BEGIN

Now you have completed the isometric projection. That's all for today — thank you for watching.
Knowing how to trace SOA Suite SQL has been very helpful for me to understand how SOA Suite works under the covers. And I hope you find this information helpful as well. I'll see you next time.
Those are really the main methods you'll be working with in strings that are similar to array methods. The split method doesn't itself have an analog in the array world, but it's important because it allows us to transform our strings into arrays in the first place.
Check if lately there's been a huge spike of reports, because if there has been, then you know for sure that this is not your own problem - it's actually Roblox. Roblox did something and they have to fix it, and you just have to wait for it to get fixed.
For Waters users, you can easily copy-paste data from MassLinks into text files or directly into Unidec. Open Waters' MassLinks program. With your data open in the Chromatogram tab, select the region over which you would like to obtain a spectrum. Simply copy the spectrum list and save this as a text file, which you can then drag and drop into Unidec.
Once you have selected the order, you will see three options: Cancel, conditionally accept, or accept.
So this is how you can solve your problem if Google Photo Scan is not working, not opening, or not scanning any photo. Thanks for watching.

END
BEGIN

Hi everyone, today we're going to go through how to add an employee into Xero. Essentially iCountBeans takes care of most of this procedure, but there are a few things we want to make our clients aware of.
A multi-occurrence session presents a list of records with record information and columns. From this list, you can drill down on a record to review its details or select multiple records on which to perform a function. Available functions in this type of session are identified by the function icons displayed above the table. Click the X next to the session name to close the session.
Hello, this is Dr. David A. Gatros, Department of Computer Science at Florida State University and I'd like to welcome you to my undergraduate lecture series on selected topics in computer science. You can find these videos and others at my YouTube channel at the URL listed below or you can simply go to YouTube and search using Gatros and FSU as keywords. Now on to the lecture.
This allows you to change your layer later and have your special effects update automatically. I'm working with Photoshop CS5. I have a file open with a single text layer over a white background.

END
BEGIN

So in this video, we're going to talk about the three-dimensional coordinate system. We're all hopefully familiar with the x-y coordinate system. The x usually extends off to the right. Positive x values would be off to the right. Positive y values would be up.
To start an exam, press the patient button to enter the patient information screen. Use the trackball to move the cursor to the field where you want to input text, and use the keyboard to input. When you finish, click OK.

END

▶ Directions for this task: Set down, exactly as they stand above, the lines starting with the line with "So in this video, we're" and going on through the line with "To start an", and no others.

▶ Task answer:
So in this video, we're going to talk about the three-dimensional coordinate system. We're all hopefully familiar with the x-y coordinate system. The x usually extends off to the right. Positive x values would be off to the right. Positive y values would be up.
To start an exam, press the patient button to enter the patient information screen. Use the trackball to move the cursor to the field where you want to input text, and use the keyboard to input. When you finish, click OK.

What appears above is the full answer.